# Little Manistee Weir, 2021 Chinook Salmon Egg Take



## M. Tonello (Sep 20, 2002)

Hello everyone,
The Fish Techs turned on the pumps yesterday, so we now have some fish in the ponds. We'll be checking ripeness next week, so it is possible that the first day of egg take will be next week. I'll try to keep posting updates here as things progress.


----------



## fishdip (Dec 29, 2010)

Thanks Mark,appreciate all you and your staff do.


----------



## M. Tonello (Sep 20, 2002)

Thanks Fishdip!

Day one of Chinook egg take 2021 is now scheduled for this wednesday, Sept. 29. If we have enough fish on hand and they're ripe enough, we go again on thursday.


----------



## seabass810 (Apr 2, 2010)

Is this open to the public. Didn't know because of covid. I will be up there surf fishing and camping and might swing by.


----------



## M. Tonello (Sep 20, 2002)

I just checked, and yes the public will be allowed to observe the egg take this time. There might be a mask requirement or something like that, but at least the public will be allowed in the building.

FYI- we usually try to get started by 9am, and we like to finish up sometime in the early afternoon.


----------



## sherman51 (Oct 28, 2018)

could you maybe tell me how many fish get stocked in the little Manistee river compared to the heyday years? was thinking about coming up and fishing the lake for salmon and maybe a steelie in late aug or early sept' haven't fished it in many yrs. but want to know if there will be a lot of fish coming in. we want fresh runners that still strike lures.


----------



## SkunkCity (May 15, 2019)

sherman51 said:


> could you maybe tell me how many fish get stocked in the little Manistee river compared to the heyday years? was thinking about coming up and fishing the lake for salmon and maybe a steelie in late aug or early sept' haven't fished it in many yrs. but want to know if there will be a lot of fish coming in. we want fresh runners that still strike lures.


Look at the fish stocking database on the DNR website.


----------



## foxfire69 (Sep 10, 2006)

DNR


The description of my page




www2.dnr.state.mi.us


----------



## M. Tonello (Sep 20, 2002)

Successful day of Chinook egg take at the LM Weir. We spawned right around 250 pairs, harvesting 577 Chinooks. Biggest fish was 29 lbs and change. There were several in that range. We also passed 195 coho salmon, 16 steelhead, and 8 brown trout. One of the browns was over 15 lbs!
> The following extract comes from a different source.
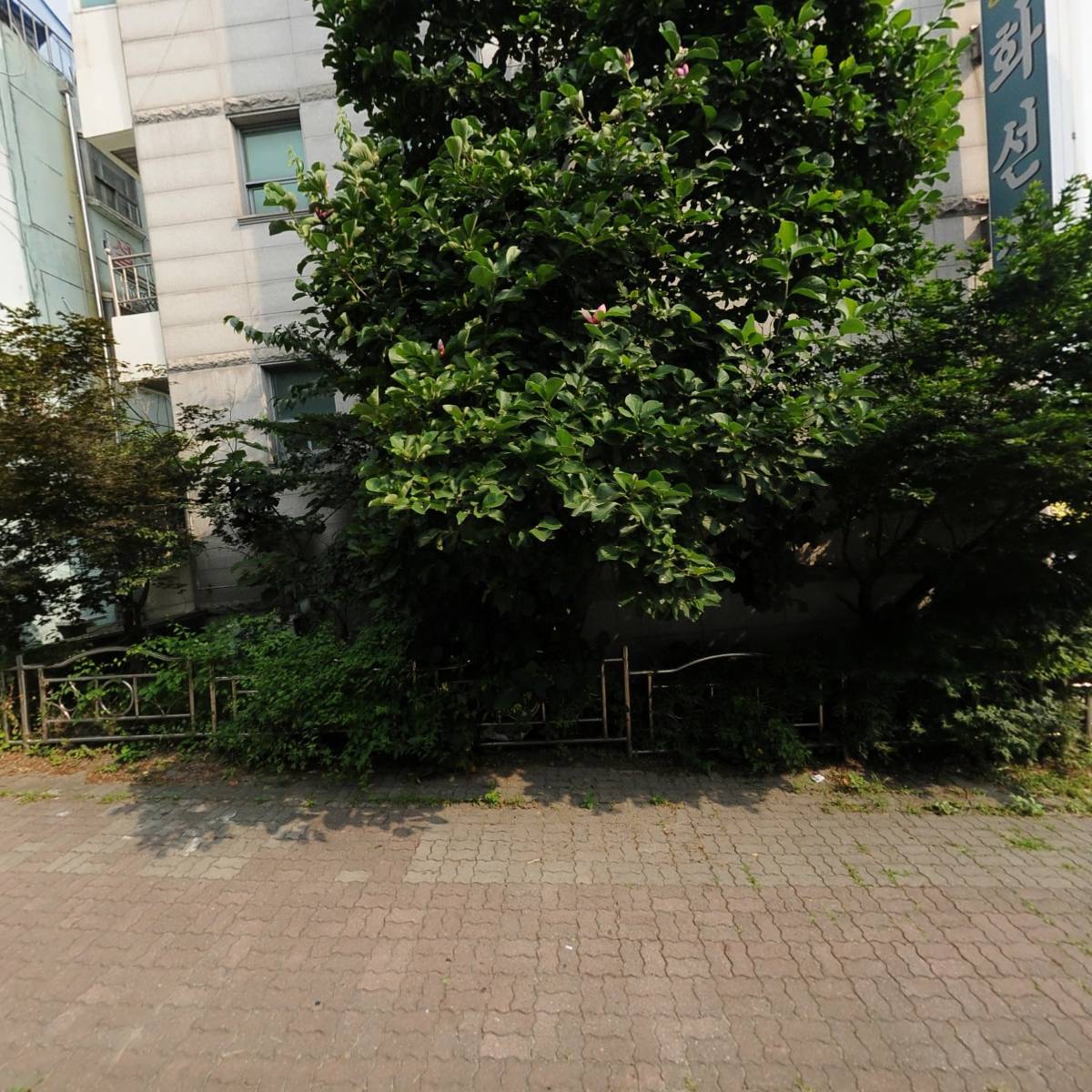 화선집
We're going to be down there again tomorrow taking eggs, and we're hoping for another good day.


----------



## jmaddog8807 (Oct 6, 2009)

Damn! Imagine hooking into that brown on that river. Be one hell of a story.


----------



## sportsman98 (Dec 6, 2010)

Any size to the steelhead?


----------



## tgafish (Jan 19, 2001)

Thanks for the updates Mark. Good luck makin babies!


----------



## M. Tonello (Sep 20, 2002)

Had another good day of Chinook salmon egg take down at the Little M Weir today. We spawned 250 pairs, harvesting 771 Chinooks for a total of 1,348 Chinooks so far. Nothing huge today- although there are quite a few in the 25+ lb range. We passed 24 steelhead for a total of 41. One of the steelies was a male that topped 16 lbs. He was last seen heading for Hopper Junction! We also passed 118 coho salmon, for a total of 313 so far. Had a few reach double digit weights, but nothing huge. Lastly, we passed 4 more brown trout for a total of 12.
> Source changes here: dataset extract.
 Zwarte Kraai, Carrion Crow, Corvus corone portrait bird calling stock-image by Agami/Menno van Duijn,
That'll do it for this week. We'll be back at it likely next tuesday.


----------



## John Hine (Mar 31, 2019)

Nicely done!! Thank you


----------



## jmaddog8807 (Oct 6, 2009)

1,300 already, that seems like a good start!


----------



## sportsman98 (Dec 6, 2010)

Thank you!!


----------



## riverman (Jan 9, 2002)

Thanks


----------



## SJC (Sep 3, 2002)

Are you guys going to take eggs from Swan? It's been loaded....


----------



## M. Tonello (Sep 20, 2002)

SJC- Not sure yet on the Swan. Depends on what we get at the Little Man next week. My preference would be stick to the Little Man if we have the fish, due to the wild component of that run vs. the Swan which is all hatchery fish.


----------



## Canvsbk (Jan 13, 2013)

Really appreciate the posts. Thanks!


----------



## M. Tonello (Sep 20, 2002)

Looks like day 3 of the 2021 egg take at the Little Manistee Weir will take place tomorrow (Tuesday), Oct. 5th. As usual, we'll get going around 9am and probably take eggs until the early afternoon.


----------



## M. Tonello (Sep 20, 2002)

Here's the update from today's Chinook salmon egg take at the weir. We spawned 190 pairs, and harvested 561 Chinook salmon, for a season total of 1,909. We passed 225 coho salmon, for a season total of 588. We passed 72 steelhead for a season total of 112, and 9 brown trout for a season total of 21.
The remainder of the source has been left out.